== YOUR OBJECTIVE ==
Go through the records and transcribe them exactly, passing over any picture.

(Image-caption web data)
════
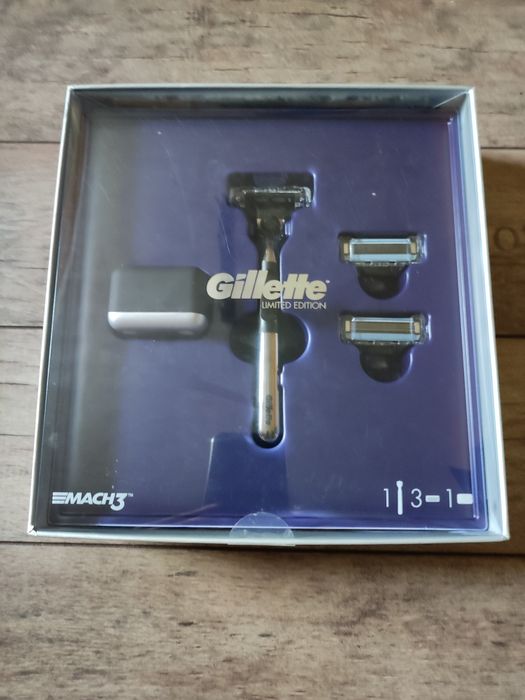 Gillette mach 3 limited edition 3 wkłady, nożyki 1 maszynka, podstawka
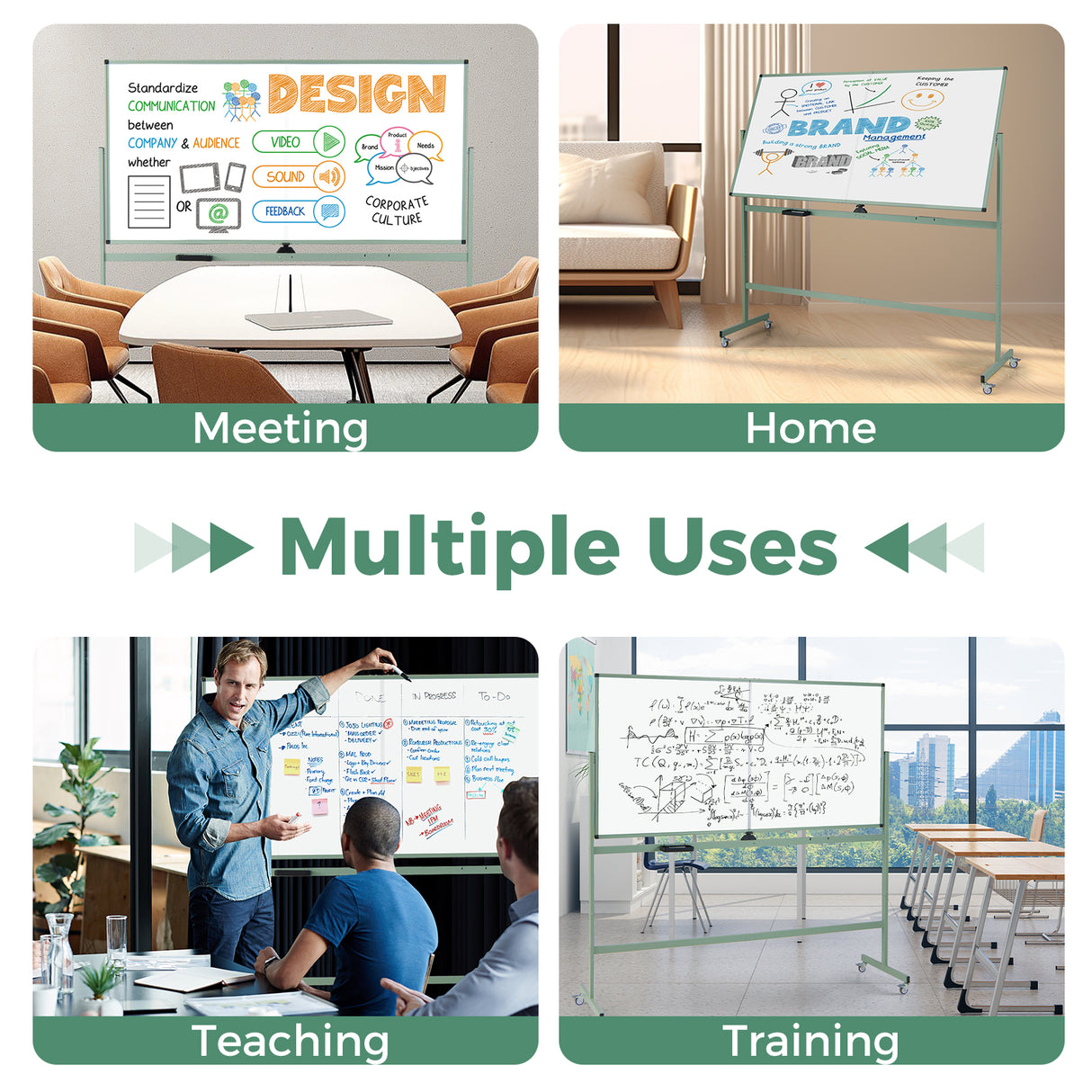 Rolling Double-Sided Magnetic Whiteboard on Wheels with Stand and Aluminum Alloy Frame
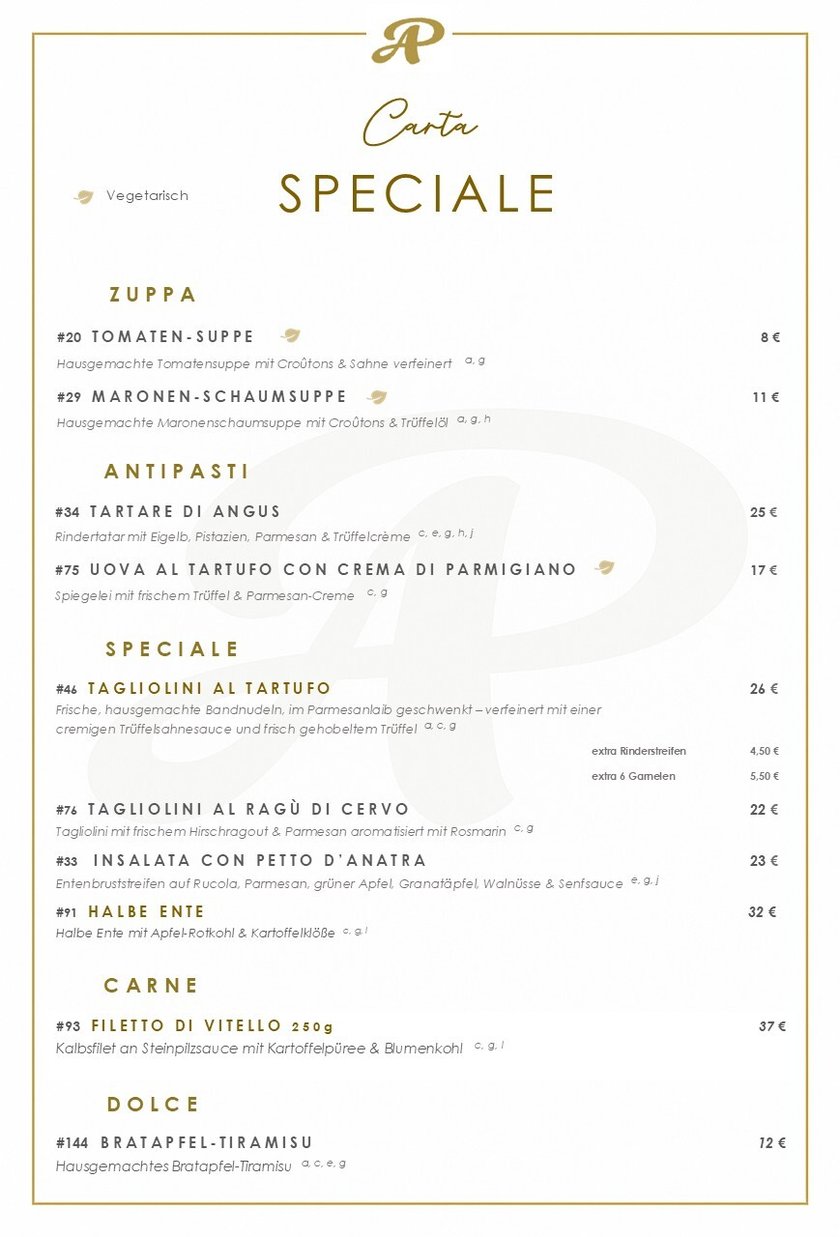 Speisekarte Carta Speciale Deutsch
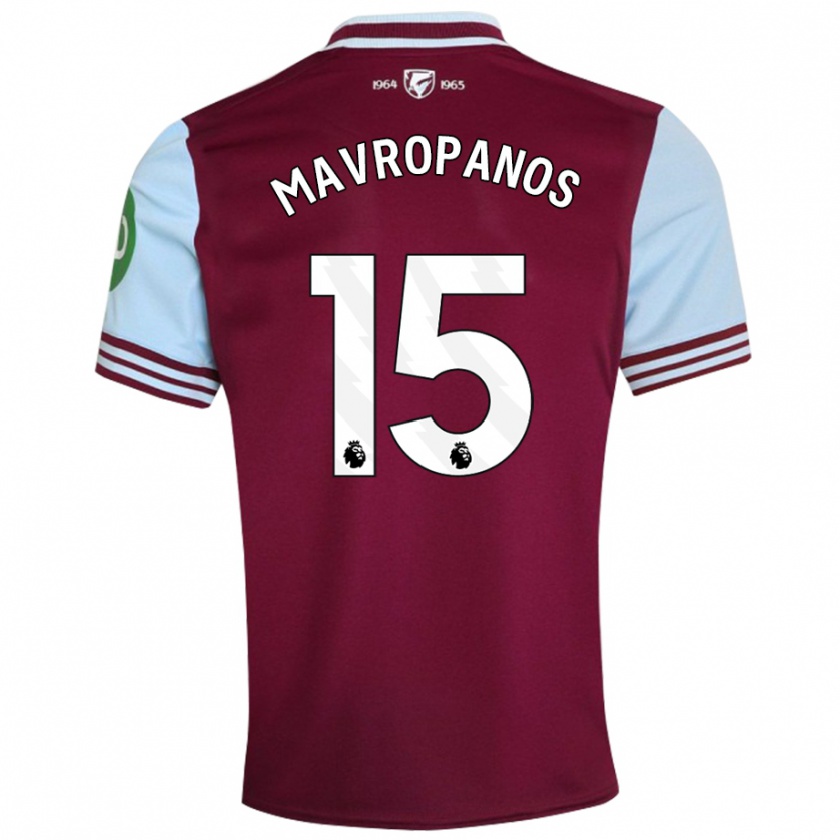 Kandiny Enfant Maillot Konstantinos Mavropanos #15 Rouge Foncé Tenues Domicile 2024/25 T-Shirt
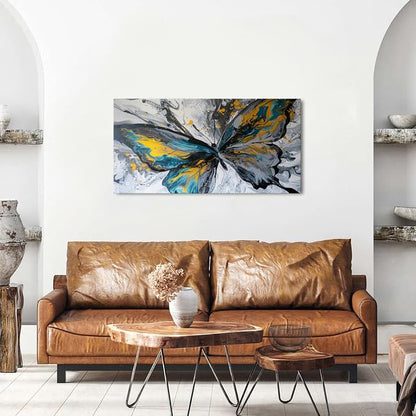 Abstract Butterfly Wall Art Teal Grey Yellow Butterfly Wall Decor Modern Marble - Image 4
════
== WRITTEN SOLUTION ==
 Gillette mach 3 limited edition 3 wkłady, nożyki 1 maszynka, podstawka
 Rolling Double-Sided Magnetic Whiteboard on Wheels with Stand and Aluminum Alloy Frame
 Speisekarte Carta Speciale Deutsch
 Kandiny Enfant Maillot Konstantinos Mavropanos #15 Rouge Foncé Tenues Domicile 2024/25 T-Shirt
 Abstract Butterfly Wall Art Teal Grey Yellow Butterfly Wall Decor Modern Marble - Image 4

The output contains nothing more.